According to the U.S. Pipeline and Hazardous Materials Safety Administration, the number of serious incidents on crude oil/refined liquids pipelines in the U.S. fluctuates between 0 and 2 per 100,000 miles each year since 2005 and a trend line shows decreasing frequency. Similar rates are also reported for natural gas transmission lines. The probability of 2 per 100,000 miles per year appears to be small. How do we use this frequency measure to make decisions? Is every mile of a pipeline identical? Such low average probabilities are obtained by dividing the number of incidents by a large denominator - there are more than 100,000 miles of transmission pipelines operating for decades in the U.S. Not every mile of a pipeline is identical.
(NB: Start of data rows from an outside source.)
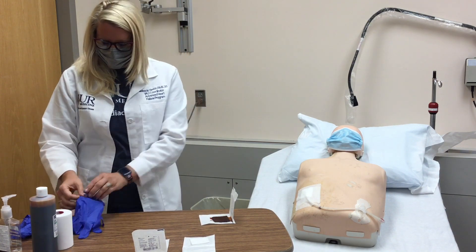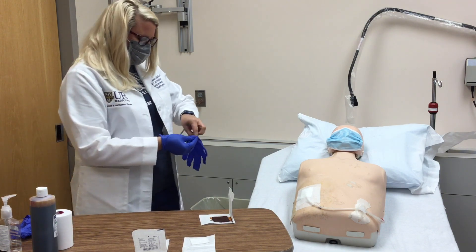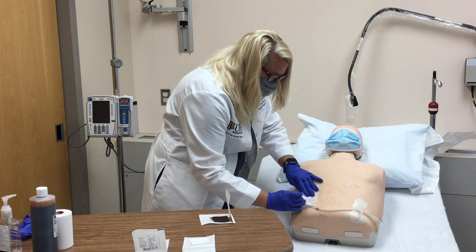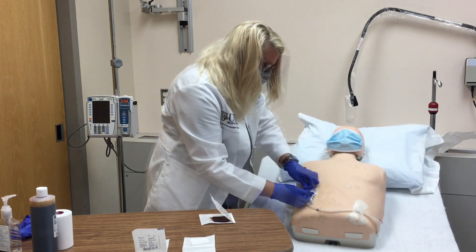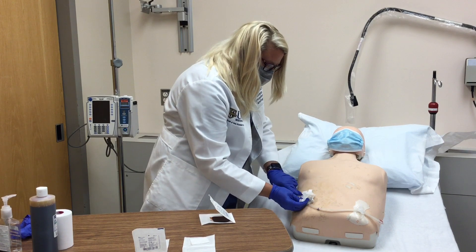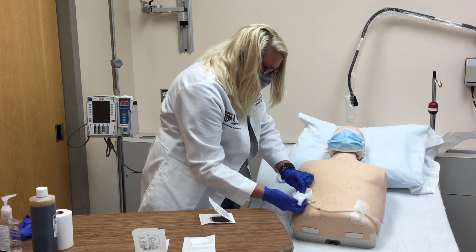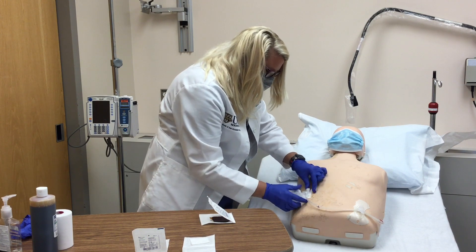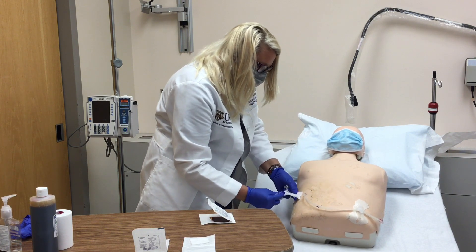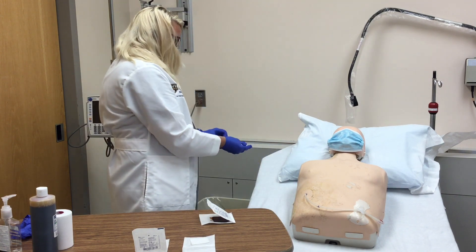Next, we are going to put on our gloves and loosen and remove the old dressing. Once the old dressing is removed, inspect the exit site for signs of infection. Discard the old dressing and remove your gloves.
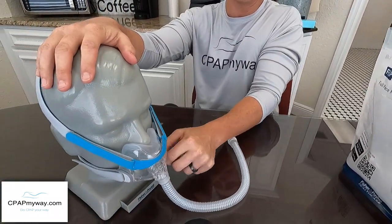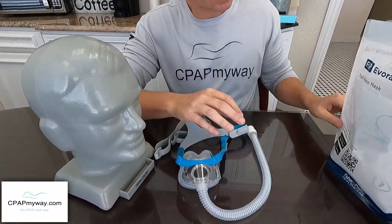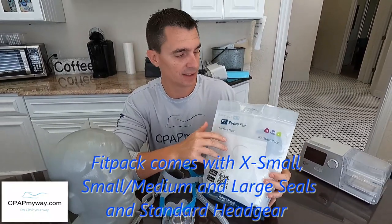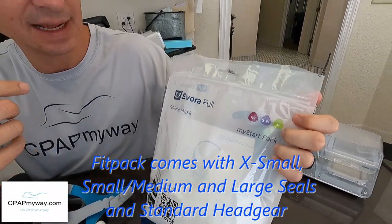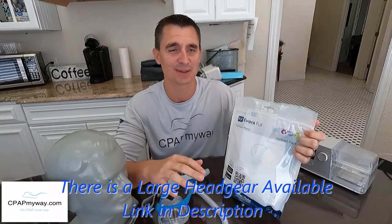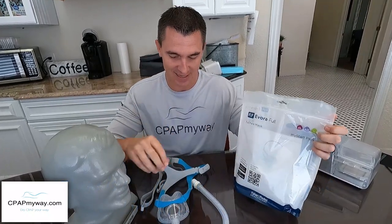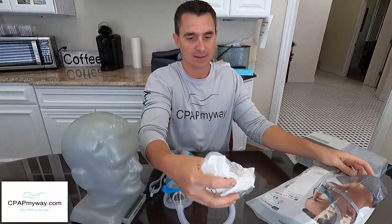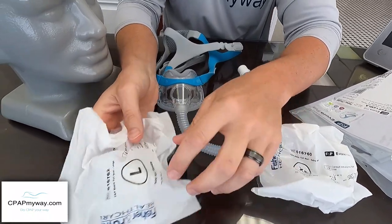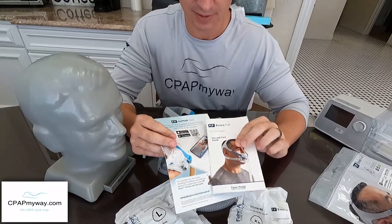The mask is available as a fit pack, which is kind of a good deal. You've got extra small, small, medium, and large — though I have no idea why they can't just call it small, medium, and large. This one happens to be a small-medium. Inside the fit pack you'll have the small and the large cushions included. You can also order them individually by size. You'll have your care guide and some quick start materials as well.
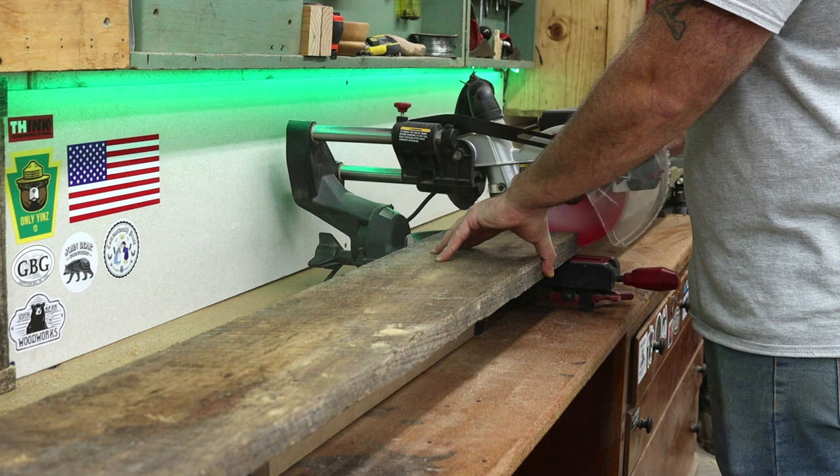I get started by cutting the board to rough length, then after we get the width on the table saw we'll bring it back and square up the ends.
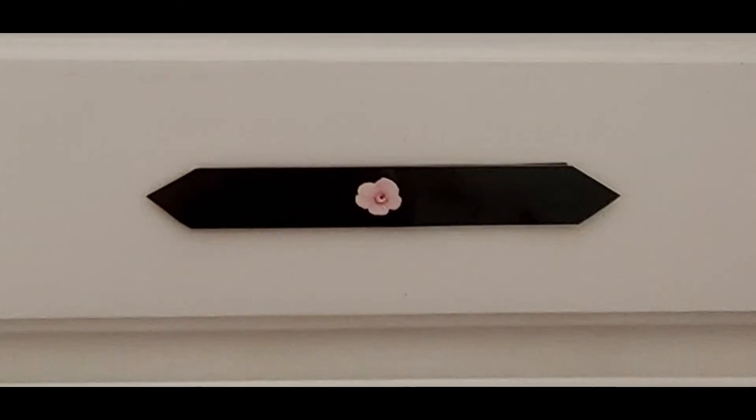I made the emblem by laminating some black cardstock, then cut it with my paper cutter — yes, I have a very well-equipped office. And as you can see, I put a little flower in the middle of that also.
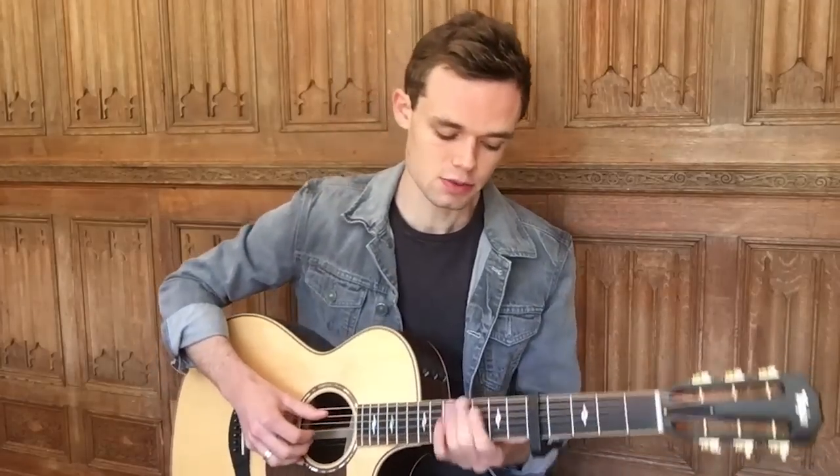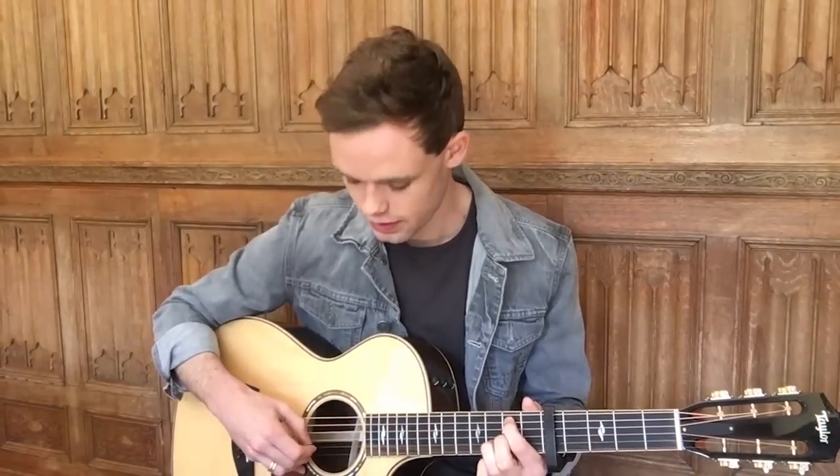The first chord is an E minor 7. Place your first finger on the seventh fret of the A string, your second finger on the seventh fret of the G string, and your ring finger on the eighth fret of the B string. The way I play it is I pluck the A and B strings together, followed by the G string, and then I do a light strum — so A and B, G string, then a light strum.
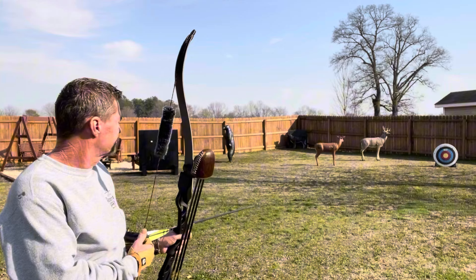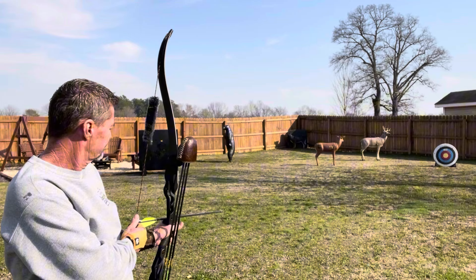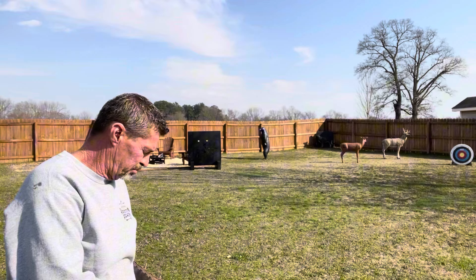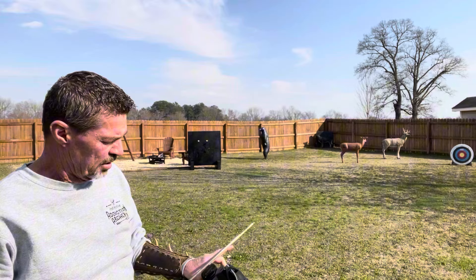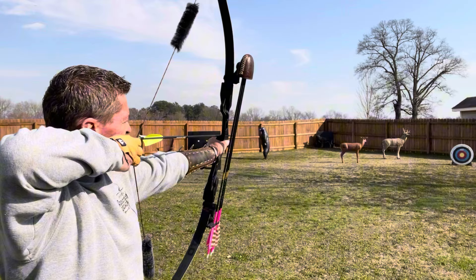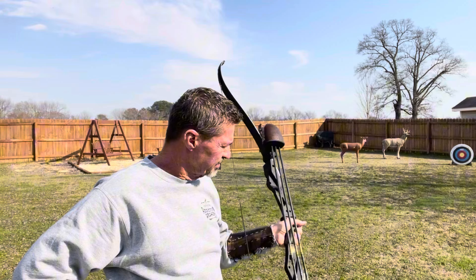Oh, I got it. Man, it's amazing. That thing's like shooting a compound. I mean, it really is. It's almost cheating. It really is. I am amazed. I am truly amazed.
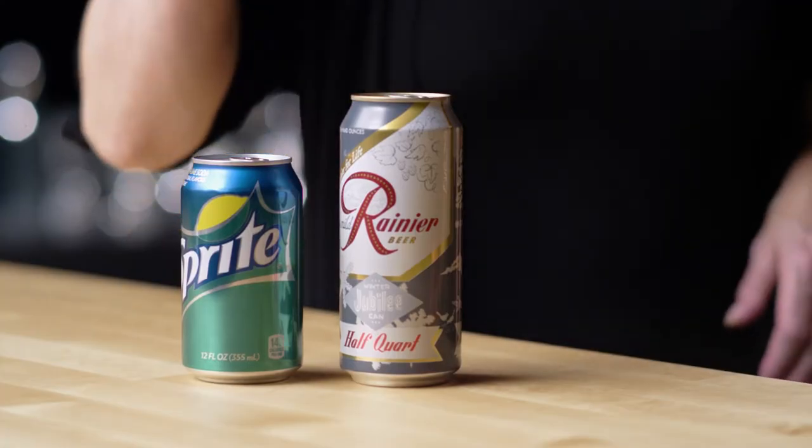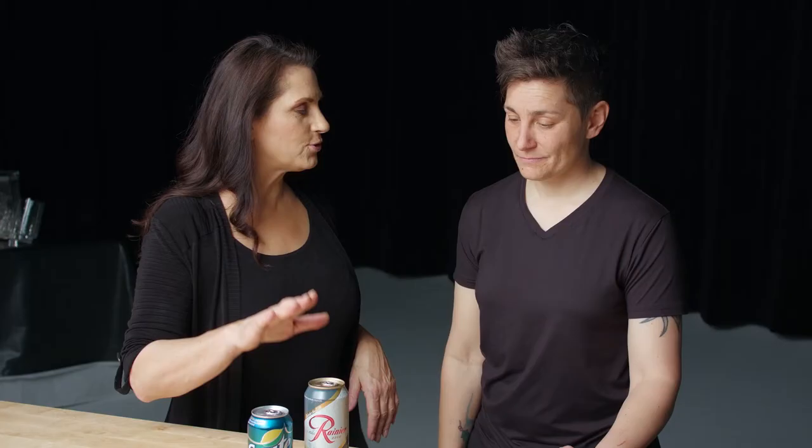Well, it's French for light and refreshing drink. So we're going to be using a Sprite and a light beer. We chose Rainier because it's a very tasty light beer. Now, it's not a light beer like a calorie light beer — it's light in color.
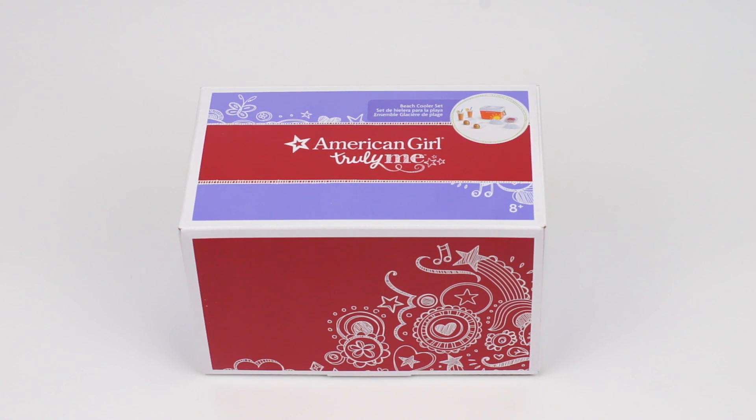Hello everyone, Tifei and Wanda here. This weekend we're going to the beach. Woohoo!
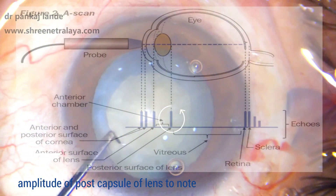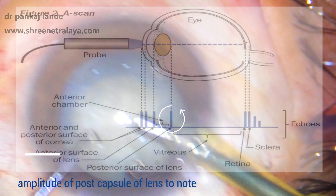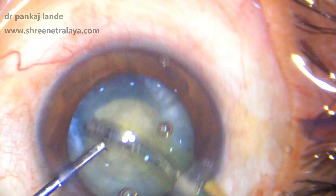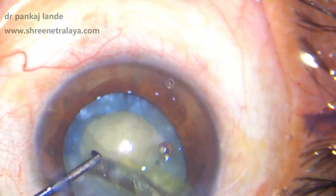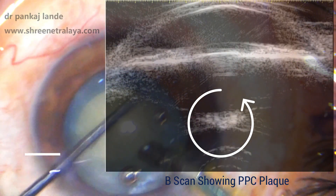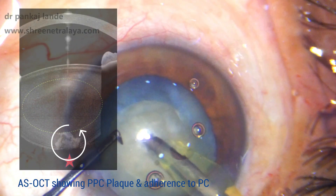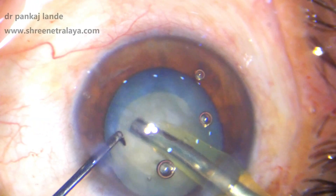My trick to identify posterior polar cataracts in a mature cataract is to look at the amplitude scan of an A-scan. The height of the amplitude scan at the posterior capsule plane will give you a fair idea about posterior polar cataracts — it will be more in cases of a posterior polar plaque. This A-scan is an important tool to identify posterior polar cataract in mature cataract, as well as opacity in immature posterior polar cataracts.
Some of them are very old and in urban areas. Others are in rural areas, but are encroached by new developments. The soil conditions, terrain, earth forces, rain fall, temperatures, vegetation, near-by bodies of water, etc., are different in different locations of a pipeline. Often, pipeline companies do not have much data regarding these local factors. They collect a lot of cathodic protection data, but using this to predict where and when failure will occur is nearly impossible.

Another averaging occurs over time period. If the assumption is that the defect growth occurs over the entire time period, then the average growth rate is small and the probability of a defect is conditioned by that growth rate. Corrosion defects do not always grow continuously. There are daily, seasonal, and episodic variations. This is similar to the question of why hundred-year floods can occur two years in a row. Partly this is the nature of probability, but partly it is the assumption that the data used to calculate a return period of hundred years assumed that the same mechanism would operate in the future. As climate change or other local phenomena occur, the causal factors leading to flooding may change.

Bayesian network (BN) models incorporating various causative factors leading to pipeline failures have been assembled. The BN models predict the combined probabilities of different factors leading to a failure, also called marginal probabilities. Another advantage of the BN models is that inspection and excavation data can be used to update the probabilities of the causative factors using Bayes theorem. The probabilities predicted by the Bayesian network models can be high. For experts used to seeing low probabilities predicted using pipeline incident data such as the frequencies found in pipeline statistics, the high marginal probabilities predicted by BN appear as incredible. How do we bridge the gap between the expectation of the experts and the BN model prediction?

It is important to realize that there is no such thing as "absolute" probability. All probabilistic evaluations are marginal (relative) probabilities conditioned by our knowledge of the system, which is used to derive the causal linkages and the probabilities of various causative factors. Therefore decisions should be made based on relative ranking of probabilities that are themselves quantified using known physics of the phenomena.